When you see the above code, you might wonder: "Why does it display undefined and ReferenceError even though we declared the variables name and age after the console.log statements?" To answer this, we need to understand an important concept in JavaScript: hoisting.

1.2. What is Hoisting?

In JavaScript, when we declare a variable using var, the compiler will automatically "move" the variable declaration to the top of the function or the global scope. This process is called hoisting.

For example, when we have:

function saySomething() {

  console.log(message);

  var message = "Hello, I am Tuan!";

}

In reality, the compiler "sees" the code as follows:

function saySomething() {

  var message;

  console.log(message);

  message = "Hello, I am Tuan!";

}

1.3. The variable name and the undefined value Going back to the initial code, although we declared the variable name after the console.log(name) statement, due to hoisting, the name variable has been "moved to the top" and only initialized, not assigned a value yet. Therefore, when we access the name variable at that point, its value is undefined.

1.4. The variable age, let, and the "temporal dead zone" For the variable age, we used the let keyword to declare it. Although let and const also go through the hoisting process like var, they are not initialized immediately. Instead, there is a period during which they cannot be accessed—this is called the "temporal dead zone". If we try to access a let or const variable within this "dead zone", JavaScript will throw a ReferenceError.

In the example above, when we try to log the value of age before it is initialized, we hit the "temporal dead zone" and thus receive a ReferenceError.

1.5. The purpose of TDZ (Temporal Dead Zone) So why do we need the TDZ?

The main reason for using the TDZ is to help developers avoid subtle bugs and create a clearer context when using variables.

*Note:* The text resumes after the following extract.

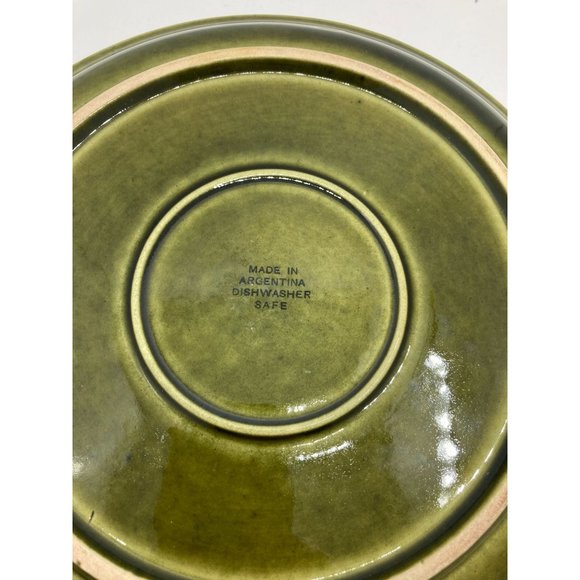 Argentina Green 10.5" plate with Beautiful Abstract blue and White Design - Picture 6 of 6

For example, consider the following code:

function updateUserProfile(id) {

    if (id) {

        let profile = getProfileById(id);

    }

    console.log(profile); // Throws ReferenceError: profile is not defined

}

updateUserProfile(1);

As explained earlier, the compiler will "see" the code as follows:

function updateUserProfile(id) {

    let profile;

    if (id) {

        profile = getProfileById(id);

    }

    console.log(profile); // Throws ReferenceError: profile is not defined

}

updateUserProfile(1);

Here, the TDZ helps us recognize that we are trying to use a variable before it is initialized. This helps avoid potential bugs, such as accessing a property of an uninitialized object.

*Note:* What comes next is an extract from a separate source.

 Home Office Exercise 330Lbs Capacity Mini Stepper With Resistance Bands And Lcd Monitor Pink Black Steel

The Temporal Dead Zone might sound complicated, but it is actually a useful feature that helps developers write clearer code and avoid bugs. Although not being able to access a variable within the TDZ can cause some difficulties in programming, it helps us avoid subtle bugs and enhances code clarity.

Some might say: "Nonsense, there’s no way I would use a variable before declaring it; even a first-year student knows that."

🤣 Believe me, if you are a true JavaScript developer, you will encounter this ReferenceError many times...

1.6. Illustrative Example To explain this more clearly, imagine you are at a BBQ party. When you arrive, you know the list of people who will attend (declared variables). Although you know their names, until they actually arrive (variables are assigned values), you don't know where they are (var variables will be undefined). And some other people, you only know they will come after a certain period of time (let variables in the "temporal dead zone").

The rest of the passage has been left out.